Description of problem: When a ReiserFS partition is present in /etc/fstab, the system will hard lock (requiring pressing of reset button) when trying to mount them, with a message Mount: Operation not permitted/supported (or something along those lines in English, original line in Spanish: Mount: Operación no soportada). This has happened in both IDE ATAPI drives and S-ATA drives, so S-ATA drivers are not an issue. However, once the system has booted, the partitions can be mounted normally as root from any command prompt. The same happens if the partitions are mounted from the /etc/rc.d/rc.local file, which is processed at the end of the initialization sequence. Even there, the same message appears, and the system locks up. Nothing is responsinve, you can't swtch VT's, or ctrl+alt+del, nothing. Only pressing of the reset button is possible. At the moment I have to disable all the RiserFS partitions using the rescue mode. Also fsck.reiserfs in rescue mode segfaults for some reason at the very end of any check process. Version-Release number of selected component (if applicable): I'm not sure the component at fault here is either the initscripts package, the reiserfs-utils package or the kernel itself. In any case, here are the versions of each: initscripts: initscripts-8.45.3-1 reiserfs-utils: reiserfs-utils-3.6.19-2.4.1 kernel: kernel-2.6.18-1.2798.fc6 How reproducible: Always. Steps to Reproduce: 1. Create a ReiserFS partition and format it as ReiserFS 3.6 2. Add the partition to the /etc/fstab file 3. Reboot. Actual results: The system hard locks, resulting in a needed reboot into rescue mode to disable the partitions from the file. The partitions can be mounted once the system has booted, but not during boot. Expected results: For the partitions to be able to be mounted when the system is booting up. Additional info:
If it's locking the system, that's a kernel issue, not an initscripts issue. Reassigning.
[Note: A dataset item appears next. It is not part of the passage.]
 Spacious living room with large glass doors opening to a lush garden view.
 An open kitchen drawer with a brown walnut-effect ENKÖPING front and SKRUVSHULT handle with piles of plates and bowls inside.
What I don't understand is why after boot, the partitions can be mounted. I'll try with a vanilla kernel and see if the problem is still present there. One question, though. Does the new Fedora Kernel has the extra security flags enabled for ReiserFS by default? (IIRC, the FC5 kernel does not)... Just shot in the dark, but could this problem be due to that?
Confirmed!, the extra attributes present in the Fedora Kernel for the Reiser Filesystem (ReiserFS) are the responsibles for this problem occuring. The only solution I see for now is to remove these extra attributes from the configuration, or to re-format the partitions... Or is there a way to make the partitions use the extra attributes even when they were formatted with a driver which did not have these? I'm trying to find out about this, in the mean time, these are the configuration flags that the official kernel has, that the custom kernel I'm currently running does not: CONFIG_REISERFS_FS=m # CONFIG_REISERFS_CHECK is not set CONFIG_REISERFS_PROC_INFO=y CONFIG_REISERFS_FS_XATTR=y CONFIG_REISERFS_FS_POSIX_ACL=y CONFIG_REISERFS_FS_SECURITY=y This is the configuration that worked for me: CONFIG_REISERFS_FS=m # CONFIG_REISERFS_CHECK is not set CONFIG_REISERFS_PROC_INFO=y # CONFIG_REISERFS_FS_XATTR is not set So yes, it is a kernel problem, but it may also be a partition's flag problem, so how could I set the proper flag into the partitions to avoid this problem from happening? (Or will I be better off rebuilding the official kernel with those flags disabled?)
Your best bet is to report this upstream (linux-kernel.org). Introduction of XATTRs should not have prevented mounting non-xattr aware filesystems. As reiserfs is completely unsupported by Fedora, this needs to be brought to the attention of those responsible for its maintainence.
Thank you very much. I'll try to get this to the persons responsible.
Just to add, that upon further investigation this seems to be related to SELinux, and as a quick "workaround" disabling SELinux will allow mounting ReiserFS partitions with the official kernel, with support for XATTR in the RieserFS driver. I'm not sure yet where's the problem, if in SELinux way of tagging the filesystem (as it seems even when the driver supports XATTR an option is passed to mount which is not recognized by the driver, and hence the error). Is there any special options SELinux passes to mount when a filesystem is tagged? If so, which are they?